*** Opening of DATA SEGMENT ***
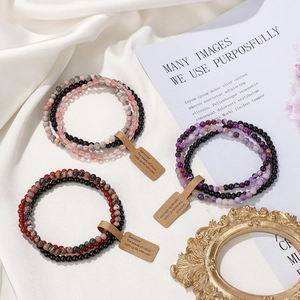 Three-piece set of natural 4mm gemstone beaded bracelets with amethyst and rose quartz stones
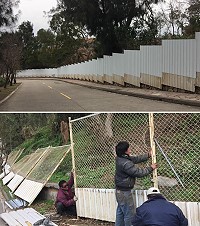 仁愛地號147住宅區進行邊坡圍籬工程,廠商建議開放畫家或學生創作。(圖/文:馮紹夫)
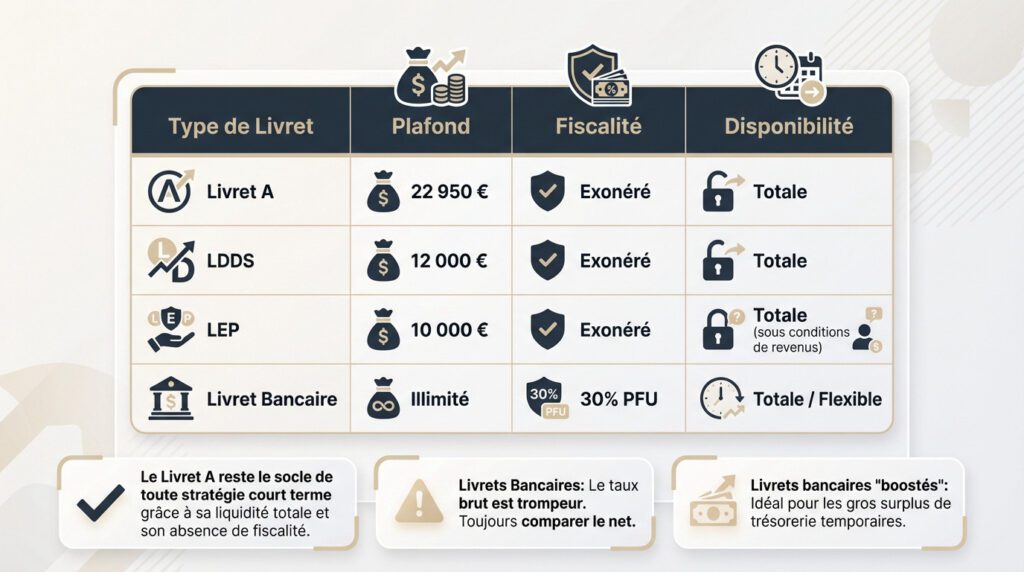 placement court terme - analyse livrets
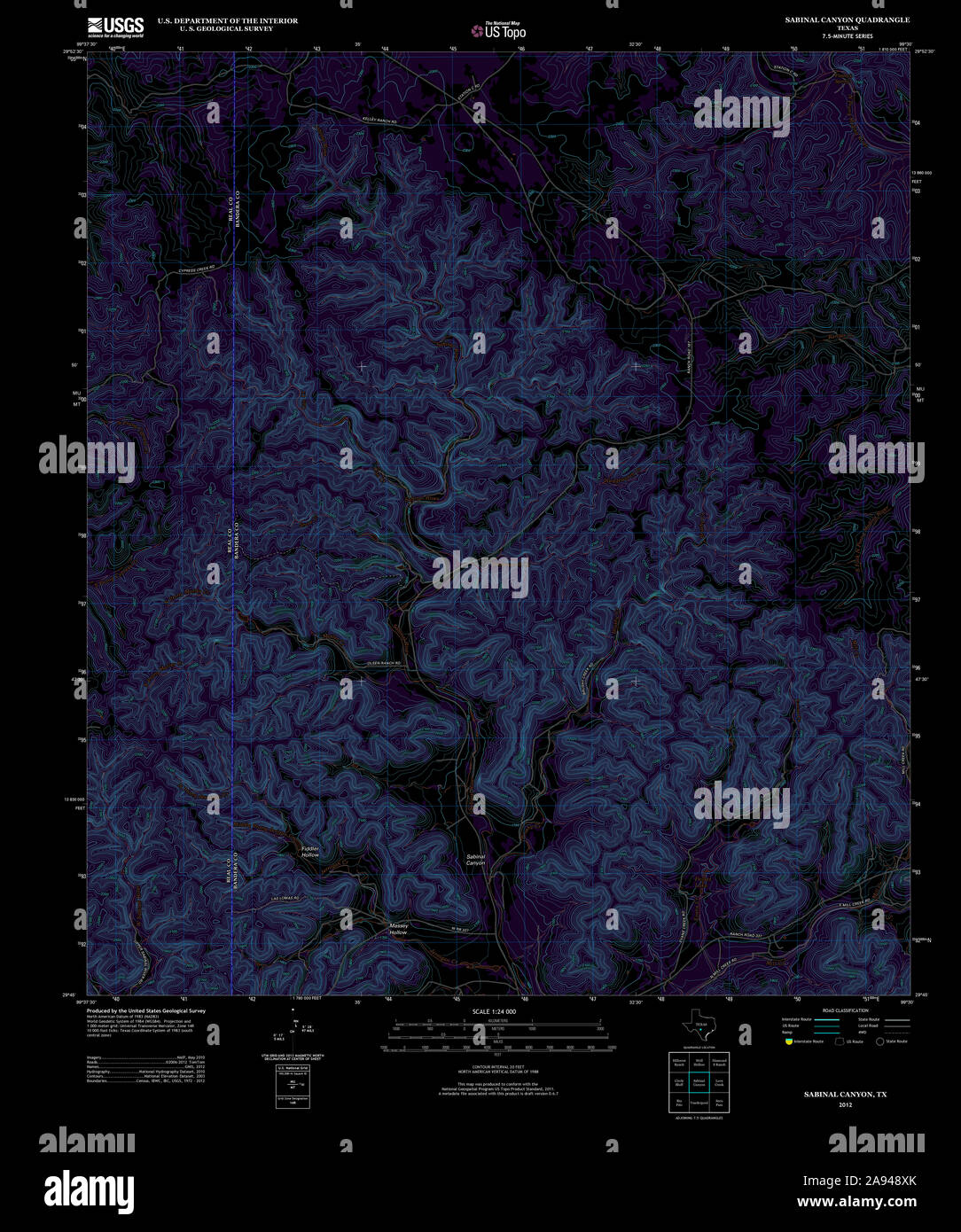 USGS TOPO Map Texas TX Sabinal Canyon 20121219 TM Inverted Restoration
*** Close of DATA SEGMENT ***
• **TASK DESCRIPTION**:
Write out exactly the lines running from the one with "placement court terme - analyse livrets" through the end of the material, both ends included, while leaving the pictures out.

• **RESULT OF THIS TASK**:
 placement court terme - analyse livrets
 USGS TOPO Map Texas TX Sabinal Canyon 20121219 TM Inverted Restoration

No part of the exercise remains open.